Exercise description: Output the lines of the records exactly, from the first through the one containing "Trek à la cité". Omit all pictures.

Supplied entries:
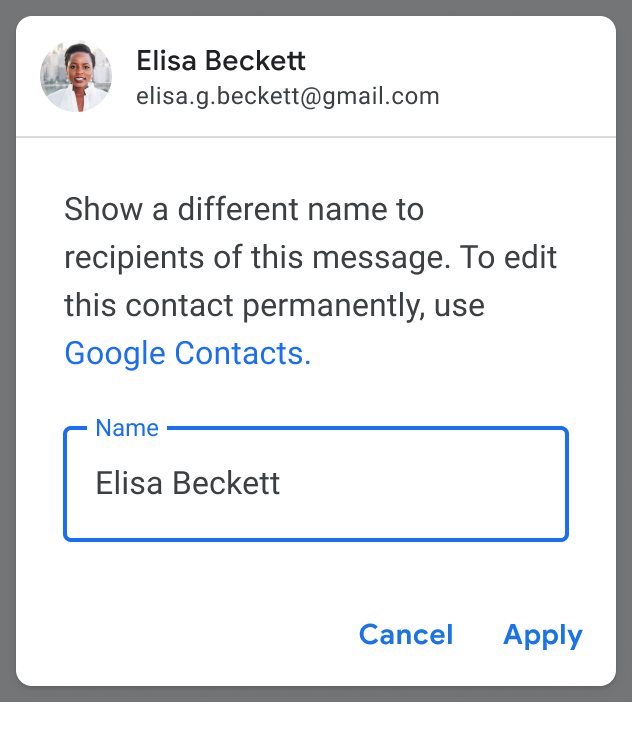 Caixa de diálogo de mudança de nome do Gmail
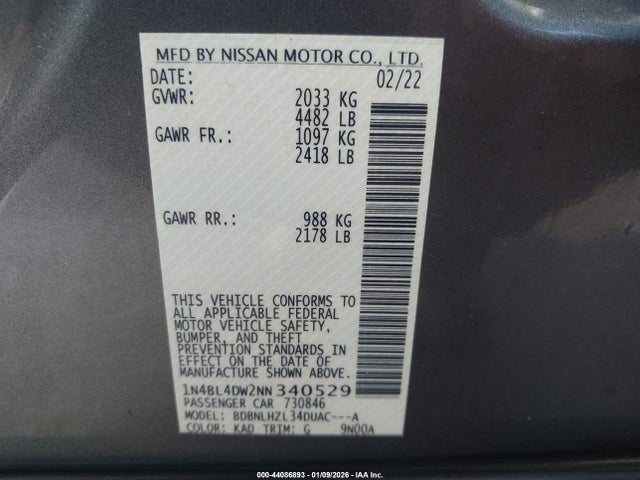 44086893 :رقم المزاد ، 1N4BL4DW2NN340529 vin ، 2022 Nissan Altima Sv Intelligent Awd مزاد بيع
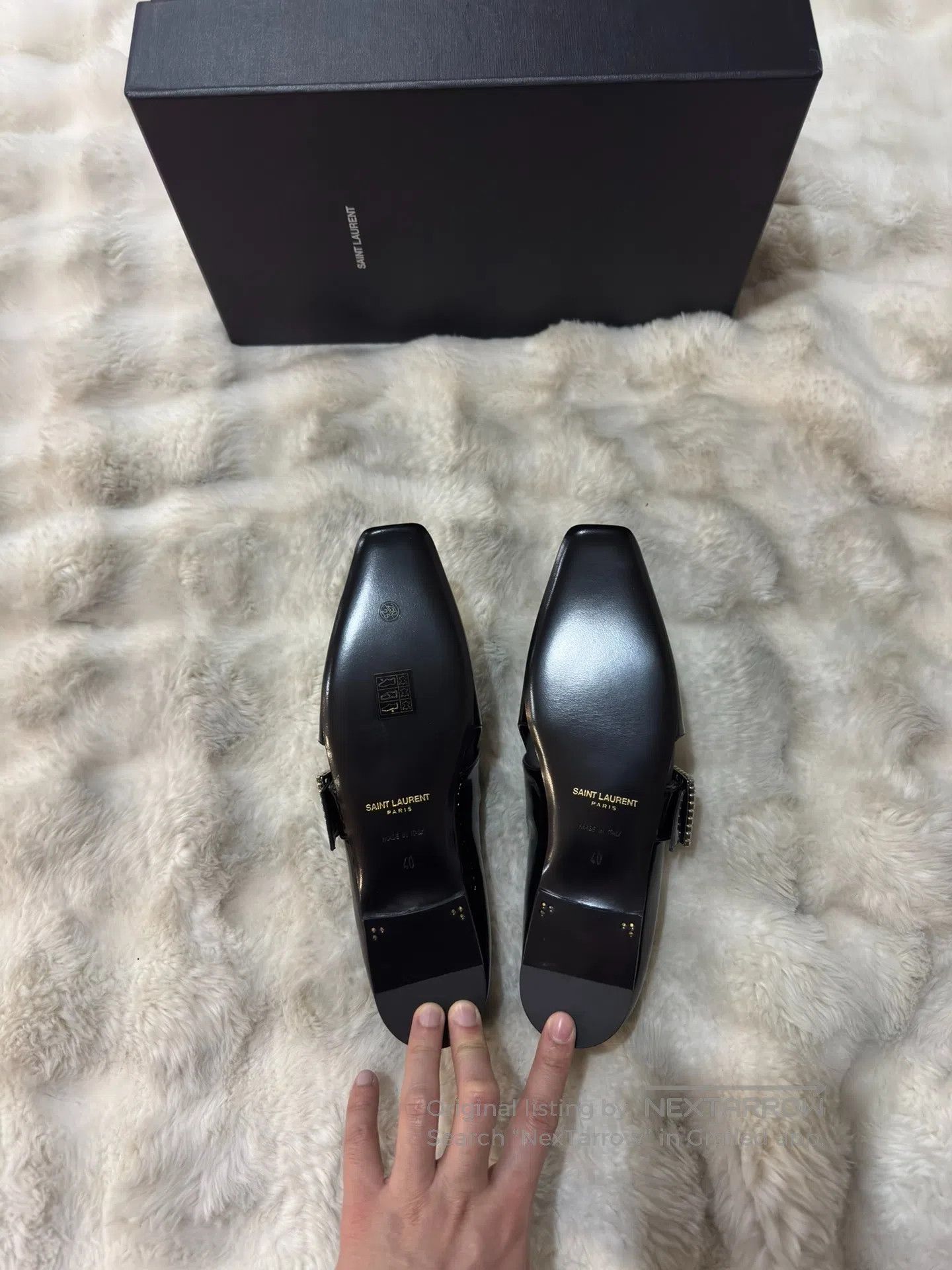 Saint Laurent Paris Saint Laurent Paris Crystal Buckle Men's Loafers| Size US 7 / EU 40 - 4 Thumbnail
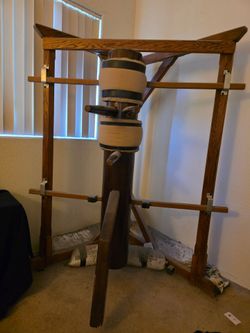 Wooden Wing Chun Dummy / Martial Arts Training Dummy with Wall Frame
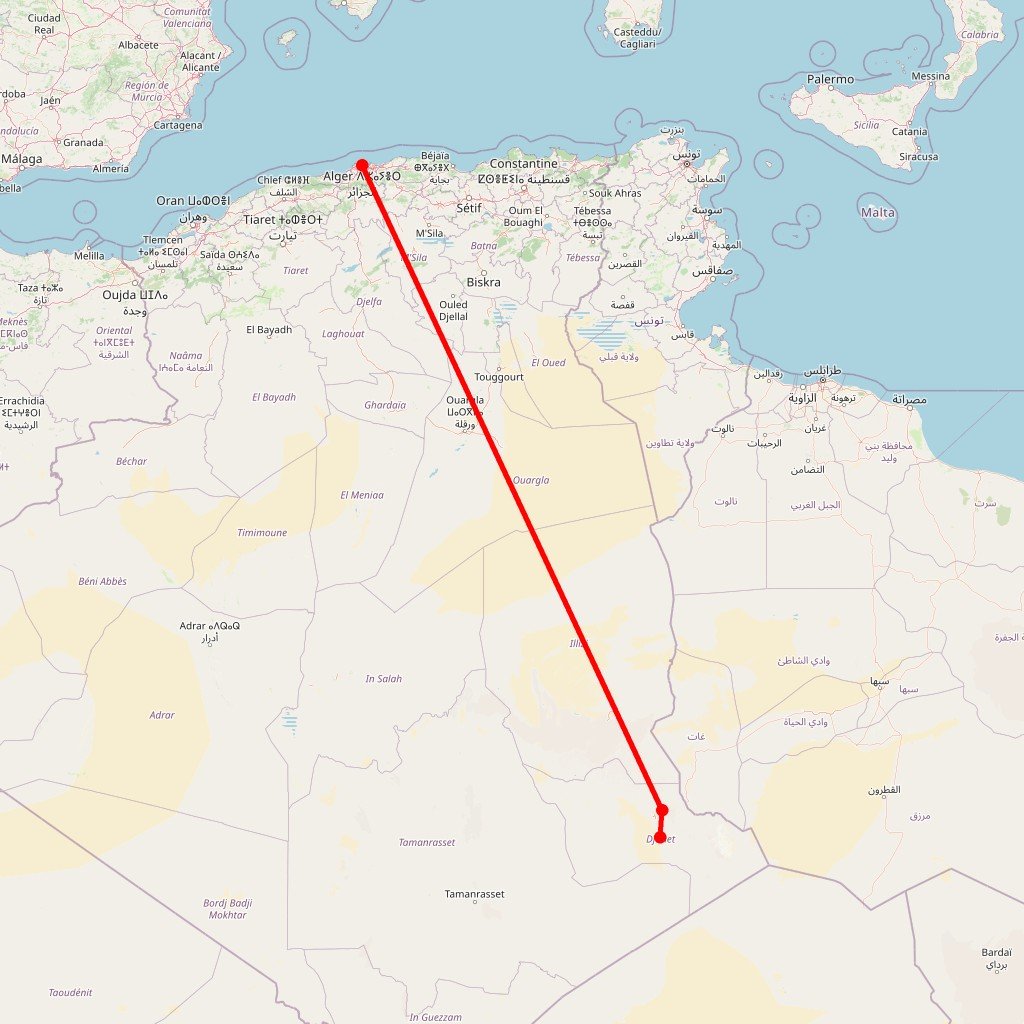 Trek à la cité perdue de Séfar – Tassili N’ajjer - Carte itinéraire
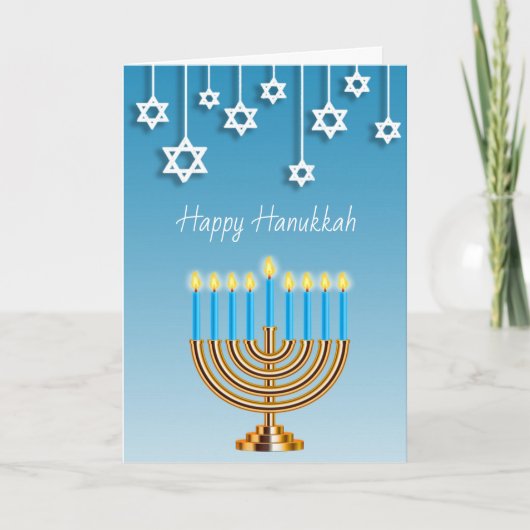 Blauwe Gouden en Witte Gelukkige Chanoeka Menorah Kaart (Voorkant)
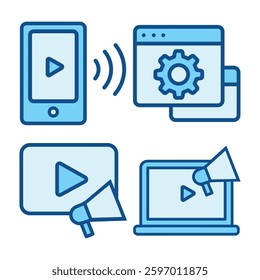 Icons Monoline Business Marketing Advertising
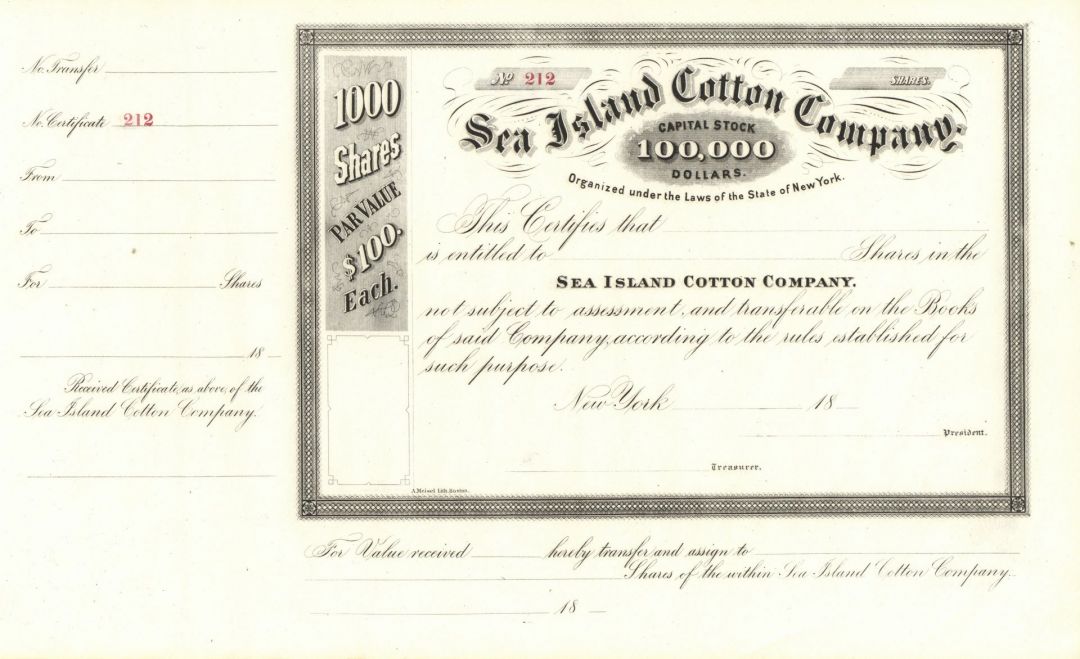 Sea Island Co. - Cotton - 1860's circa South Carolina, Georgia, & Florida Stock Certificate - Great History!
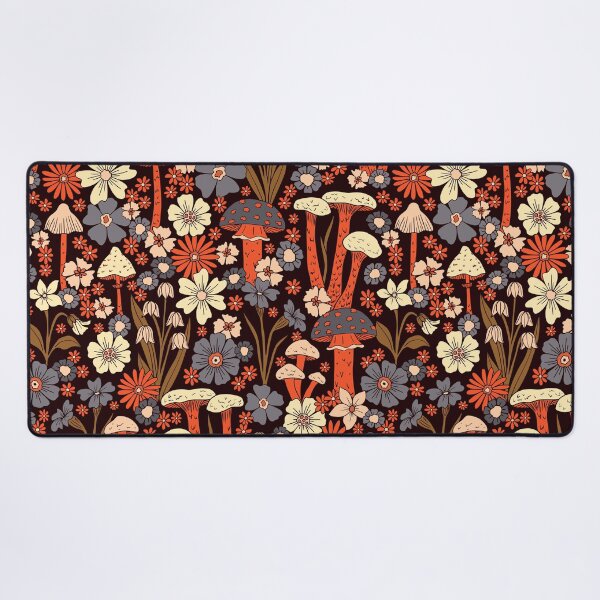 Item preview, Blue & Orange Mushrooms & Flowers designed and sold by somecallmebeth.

Completed task:
 Caixa de diálogo de mudança de nome do Gmail
 44086893 :رقم المزاد ، 1N4BL4DW2NN340529 vin ، 2022 Nissan Altima Sv Intelligent Awd مزاد بيع
 Saint Laurent Paris Saint Laurent Paris Crystal Buckle Men's Loafers| Size US 7 / EU 40 - 4 Thumbnail
 Wooden Wing Chun Dummy / Martial Arts Training Dummy with Wall Frame
 Trek à la cité perdue de Séfar – Tassili N’ajjer - Carte itinéraire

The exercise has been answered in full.